Senza volersi interrogare su quanto sia autentica l'immagine che la band si è costruita attorno, quel che va riconosciuto dopo aver ascoltato a fondo il debutto "I Love You" è che Jesse Rutherford e soci sono capaci di regalare qualche (piccolo) indizio d'ispirazione e talento. Tra le undici tracce dell'album, infatti, i momenti moderatamente convincenti ci sono: la cupa "How", con la sua curata introduzione vagamente psichedelica, le già sentite e decisamente orecchiabili "Sweather Weather" e "Female Robbery", l'incedere avvolgente di "Everybody's Watching Me" (pezzo, tuttavia, penalizzato da un ritornello decisamente sottotono). Alla lunga, però, il canovaccio diventa fin troppo ripetitivo: le idee non sembrano tantissime, e quando si smette di seguire le consolidate coordinate dell'indie-hip-rock si incappa in risultati disastrosi, come nella scialba ballata pop-rock "Alleyways" e nella insostenibilmente melensa "Flawless". Disarmante, inoltre, la vuotezza dei testi, che si rifugiano con facilità in mugugni e "da da da" quando un estro già qualitativamente misero e votato all'explicit lyric gratuita finisce per esaurirsi anche quantitativamente.
Se non fossimo sottoposti giornalmente, tra tv e radio, a impietosi bombardamenti a grappolo di pop-rock giovine e rappeggiante, "I Love You" potrebbe riuscire a suscitare un interesse che duri più di qualche minuto.
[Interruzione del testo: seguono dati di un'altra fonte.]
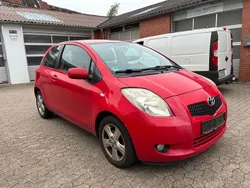 Rot Gebraucht 2007 Toyota Yaris Executive Kleinwagen | 3.450 € (Fairer Preis)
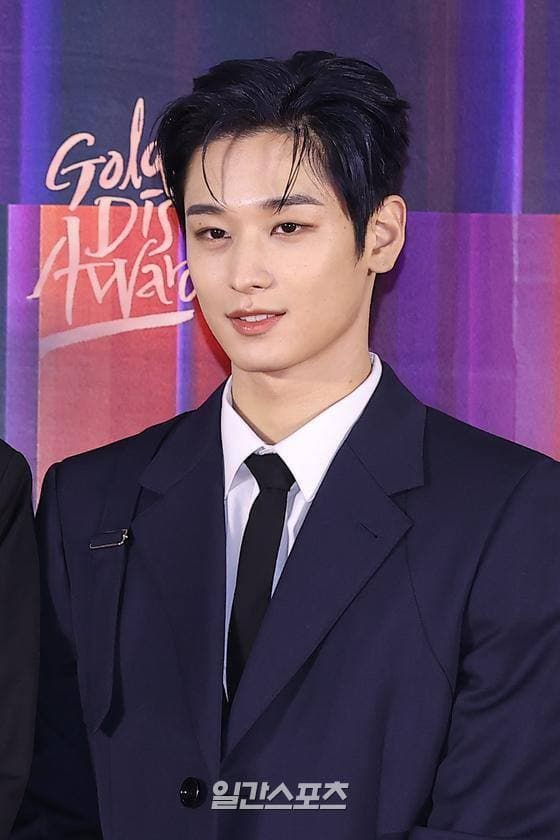 sleejuyeon's tweet photo. @songiokang juy membalas lirikan songkang hyung, dan melanjutkan pembicaraannya.

"juyeon. terimakasih ya buat semua yang udah hadir terutama saya ucapkan terimakasih banyak, perwakilan dari aufseher @CELTRUSE karena sudah menemani dan membantu @SCHARFSlNN  dari awal pembukaan." https://t.co/DWDUNGRX4J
Il fatto è che il vicinato dei Neighbourhood è fin troppo sovraffollato, e che le speranze di svettare sull'anonimato generale si spengono sul nascere quando si va a prender posto, sia per stile che per qualità, tra gli atroci ma duri a morire The Script e i più freschi, ma comunque non trascendentali, Imagine Dragons. Ascoltabili? Sì. Indispensabili? Assolutamente no.